Virgin Media O2 posts £3.3bn loss amid huge write-downs due to rising debt costs

Virgin Media O2 posts £3.3bn loss amid huge write-downs due to rising debt costs

(Alamy/PA)

(Alamy/PA)

Virgin Media O2 reported a loss of £3.3 billion in 2023 after the company added a huge goodwill impairment to its balance sheets amid rising debt costs and tighter cash flows.

The telecoms giant has over £8 billion of loans linked to central bank interest rates such as SONIA. This has resulted in hundreds of millions of dollars in additional interest costs after interest rates rose by more than 5 percent over the past two years. The company’s average borrowing costs are now 5.2 percent, compared to 4.7 percent a year ago.

A company statement said: “We have recorded a non-cash goodwill impairment charge of £3.1 billion, primarily due to an increase in the weighted average cost of capital and the impact of broader UK macroeconomic conditions on estimated future cash flows.”

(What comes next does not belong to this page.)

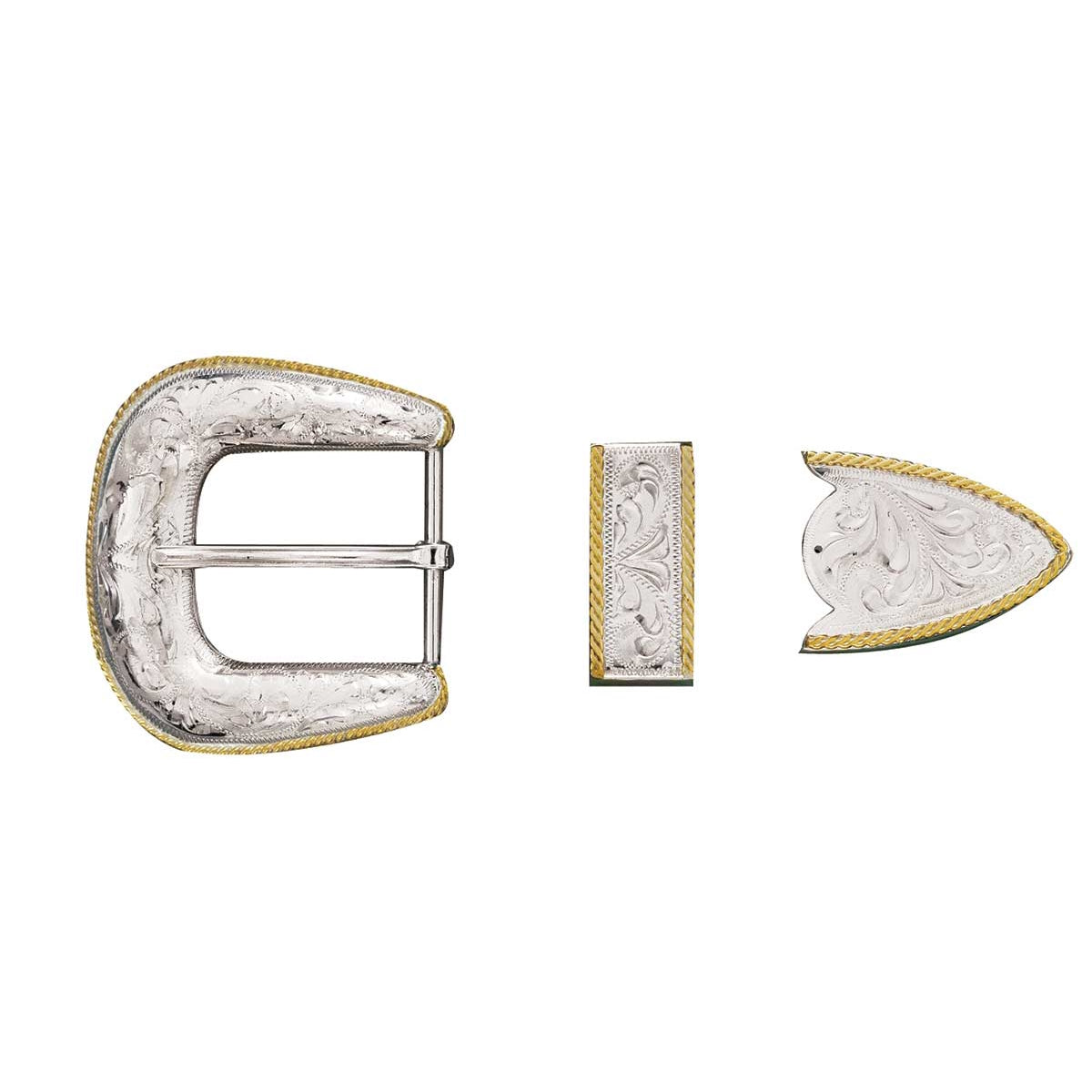 Crumrine® Three Piece Gold & Silver Western Belt Buckle Set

Virgin Media O2 said revenue from its residential fixed-line business fell 2.3% to £3.3 billion over the year as “spend on mid-range TVs and landline phones was optimised as household budgets came under pressure from the increased cost of living”. Total mobile revenue rose 0.6% to £5.9 billion as growth was impacted by the company’s “low-margin mobile phone revenues which moderated over the year”, while revenue from its B2B fixed-line business fell 2.4% to £554.0 million due to “pricing headwinds”.

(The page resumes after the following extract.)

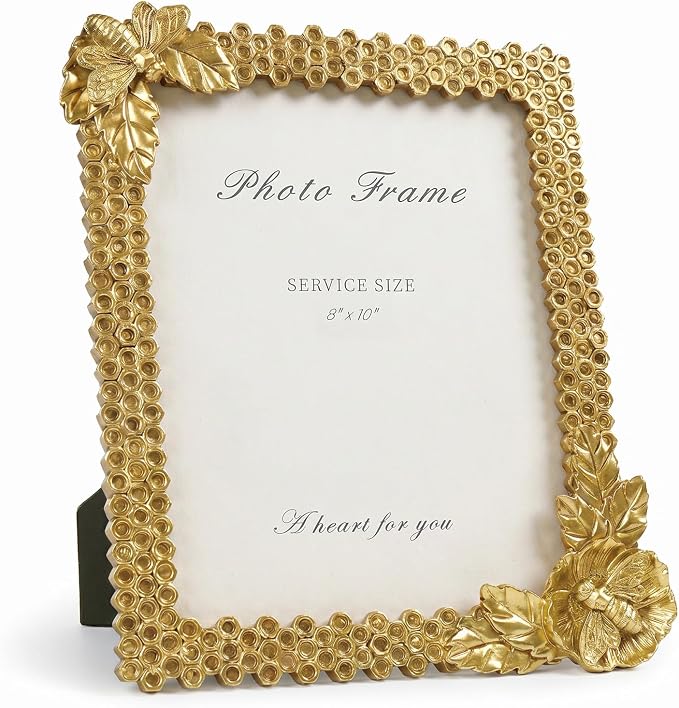 Cuspin 8x10 Frame Gold Bee Picture Frame, Vintage Decorative Resin Photo Frame by Cuspin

During the year, VMO2 gained 64,000 new broadband customers and 47,000 new mobile customers.

The company said revenue could decline further in 2024, in addition to a forecast single-digit decline in profits.

The move comes at a turbulent time for European telecoms companies, with high inflation, rising interest rates and fierce price competition squeezing margins and increasing the cost of investing in infrastructure.

Virgin Media’s rival Vodafone announced plans last year for a £15 billion merger with operator Three. The deal is intended to create a “sustainable” operator with the financial ability to invest more in communications technology.

At the end of January, Vodafone announced that it wanted to either sell or merge its operations in Italy in an effort to increase its profitability.

Fierce competition in the Italian market has led to falling revenues and squeezed margins for Vodafone, prompting the company to “explore market consolidation in countries where it is not making adequate profits.”

Virgin Media O2 said it had invested more than £2 billion in fibre and 5G expansion in 2023. A spokesman added that the company’s debt would be swapped at a fixed interest rate, making the company immune to short-term fluctuations in interest rates or foreign currency movements.